Hi!
It feels so strange to say that this year around, but... happy new year everyone! Let's hope we can do better this time around. ;)
Here's your first sysadmin report for 2021, hopefully we'll keep you informed of our progress steadily in the coming year. Right now we're working on the roadmap and, even though we asked you for feedback in the user survey, it's still time to steer us in the good direction.

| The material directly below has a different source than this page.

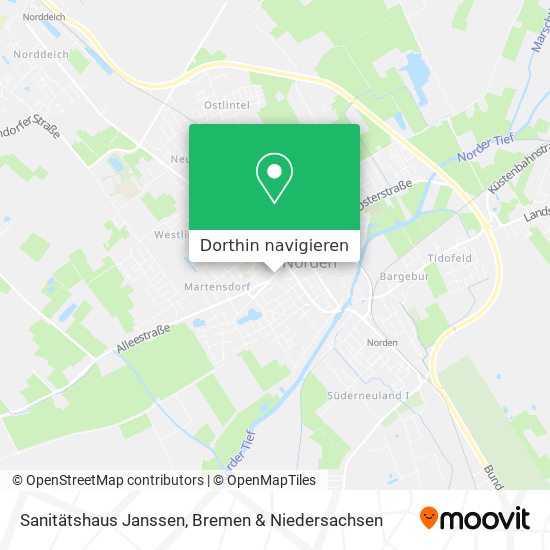 Sanitätshaus Janssen Karte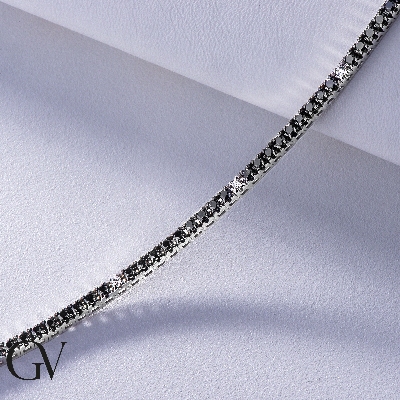Black and white diamond tennis bracelet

We have a meeting coming up where we're likely to set that more in stone, so now is a good time if you forgot to respond to the survey...
Now onto the minutes.
Agenda:
- Roll call: who's there and emergencies - Dashboard review - Roadmap 2021 proposal - 2020 retrospective - Services survey - Goals for 2021 - Other discussions - Next meeting - Metrics of the month
# Roll call: who's there and emergencies
present: hiro, gaba, anarcat
[GitLab backups are broken][]: it might need more disk space than we need. just bump disk space in the short term, consider changing the backups system, in the long term.
[GitLab backups are broken]: https://gitlab.torproject.org/tpo/tpa/team/-/issues/40143
# Dashboard review
We [reviewed the dashboard][], too much stuff in January, but we'll review in February.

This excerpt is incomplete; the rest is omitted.